Entry Name: UKON-Englert-MC1

VAST Challenge 2020
Mini-Challenge 1

 

 

Team Members

David Englert – david.englert@uni-konstanz.de – University of Konstanz – Konstanz – Germany PRIMARY

Pablo Martinez Blasco – University of Konstanz – Konstanz – Germany

Eren Cakmak – University of Konstanz – Konstanz – Germany

Udo Schlegel – University of Konstanz – Konstanz – Germany

Juri Buchmüller – University of Konstanz – Konstanz – Germany

Prof. Dr. Daniel A. Keim – University of Konstanz – Konstanz – Germany

Student Team

Yes

Tools Used

yEd

Excel

Python3: matplotlib, seaborn, pandas, networkX, graph-tool, karateclub, flask

somewraps: as existing tools fell short in analyzing the dataset, we developed our own tool Something with Graphs based on D3 and Angular

Approximately how many hours were spent working on this submission in total?

250

May we post your submission in the Visual Analytics Benchmark Repository after VAST Challenge 2020 is complete?

Yes

Video

https://www.youtube.com/watch?v=tLoSlRUezQA

Our Tool

https://vast20.dbvis.de/vast-mc1/

 

 

 

 

Center for Global Cyber Strategy (CGCS) researchers have used the data donated by the white hat groups to create anonymized profiles of the groups. One such profile has been identified by CGCS sociopsychologists as most likely to resemble the structure of the group who accidentally caused this internet outage. You have been asked to examine CGCS records and identify those groups who most closely resemble the identified profile.

Questions

1 Using visual analytics, compare the template subgraph with the potential matches provided. Show where the two graphs agree and disagree. Use your tool to answer the following questions:

a Compare the five candidate subgraphs to the provided template. Show where the two graphs agree and disagree. Which subgraph matches the template the best? Please limit your answer to seven images and 500 words.
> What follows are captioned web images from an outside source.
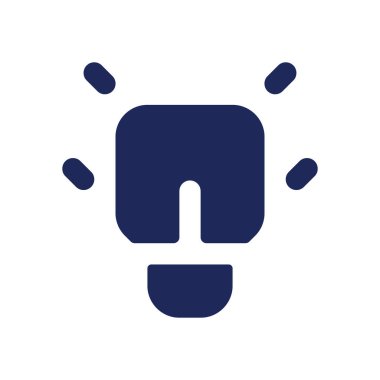 Elçi siyah glyph ui simgesine sahiptir. Ampul. Fikir ve çözüm. Kullanıcı arayüzü tasarımı. Beyaz uzayda siluet sembolü. Ağ ve cep telefonu için sağlam bir resim. İzole vektör illüstrasyonu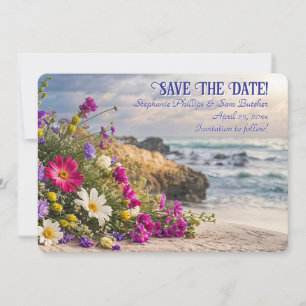 Save the Date Romantic Beautiful Flowers on Beach  Invitation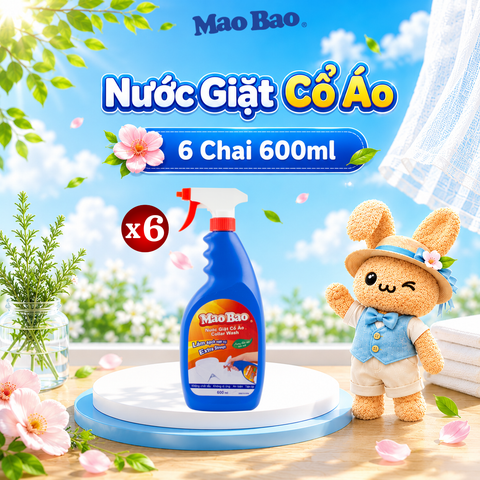  Combo 6 Chai Nước Giặt Cổ Áo Mao Bao 600ml, Làm Sạch Dịu Nhẹ Với Sợi Vải Và Da Tay 
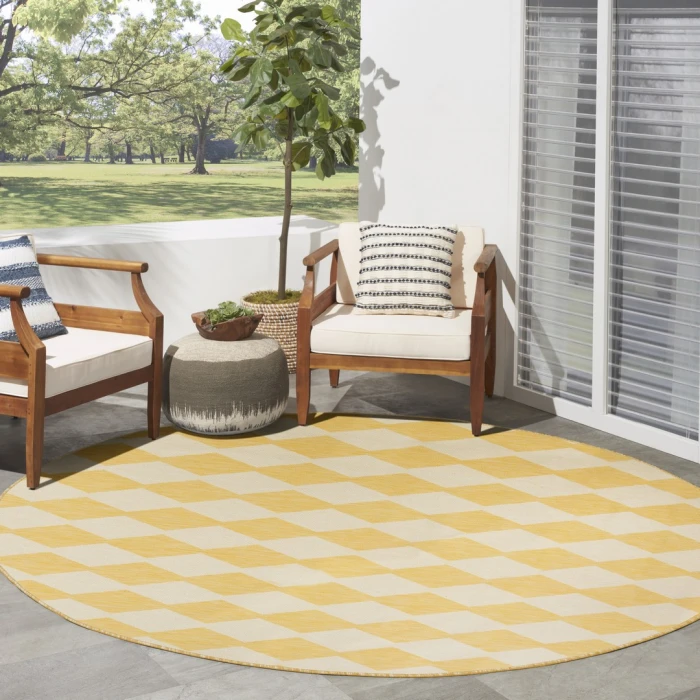 Nourison Positano Yellow POS04 6ft. Round Rug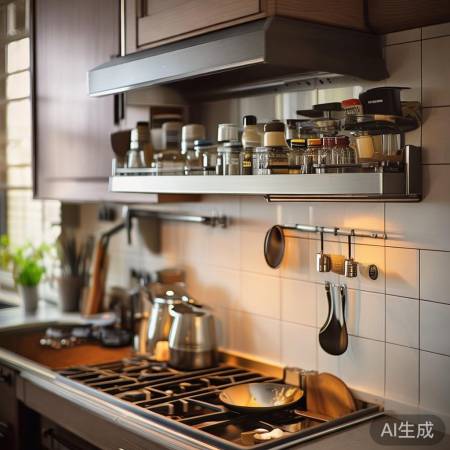 油烟机烟囱置物架,厨房死角变整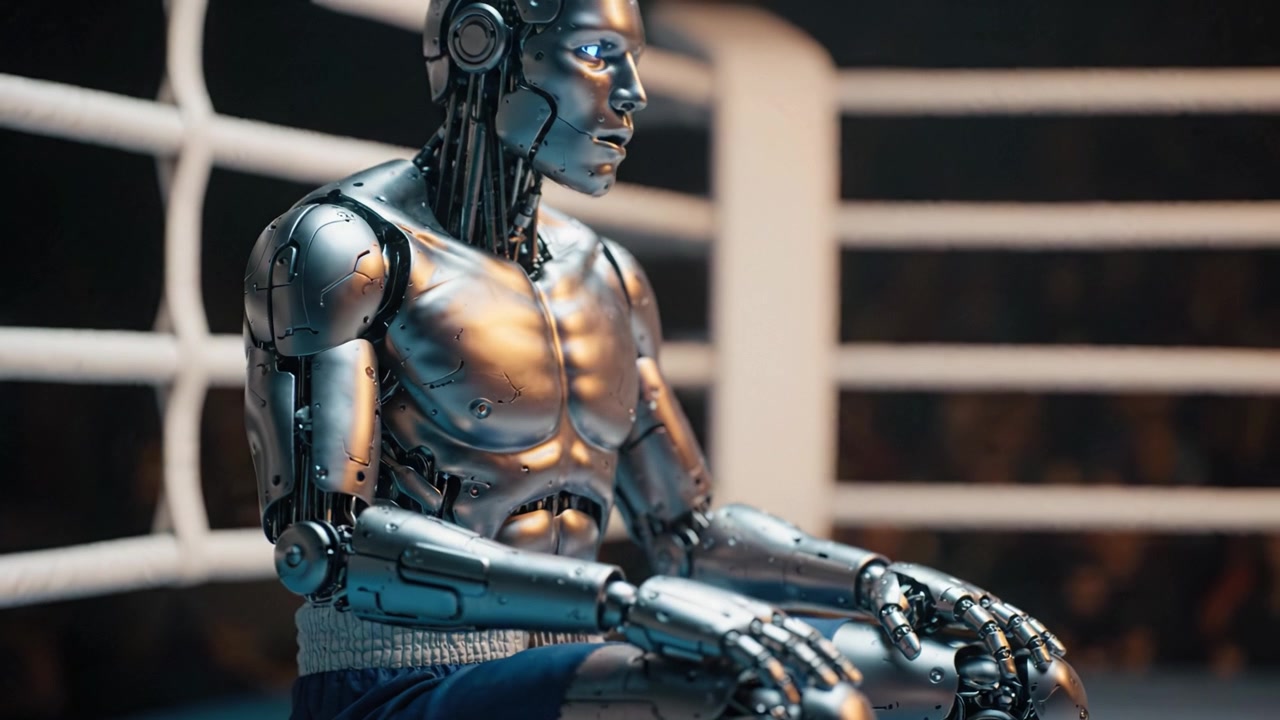 A highly detailed and futuristic robot sits in a boxing ring, showcasing metallic features and an intense focus, embodying the future of technology in sports.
The node-link diagram (Figure 1) shows the template as well as each subgraph with similar nodes placed in similar areas. The persons got divided into 5 groups: demographics, communication, travel, main communicators and outlier. The representation allows identifying the subgraphs 1, 2 and 3 as being similar regarding network structure, while subgraph 4 and 5 differs from the template.

Figure 1 -Interactive exploration view of our tool that allows a comparison of the given graphs as a node-link diagram on a global network and detailed node level. Each sub-image contains a badge with the cosine similarity compared to the template graph by representing each graph with Graph2Vec embedding without using node or edge labels.

The activitystream (Figure 2) shows the absolute aggregated amount of edges per day in each channel over the time range of the dataset. This reveals significant patterns and transactions which happen in each of the graphs.

Figure 2 - The activity of a channel is quantified by aggregating the respective edge counts, on a daily level.

An even more detailed view on the previously seen patterns of the communication channel (Figure 3) facilitates comparing the template with subgraphs 1 and 2 and among themselves.

Figure 3 -Comparing patterns across the graphs at time ranges with similar communication activity patterns.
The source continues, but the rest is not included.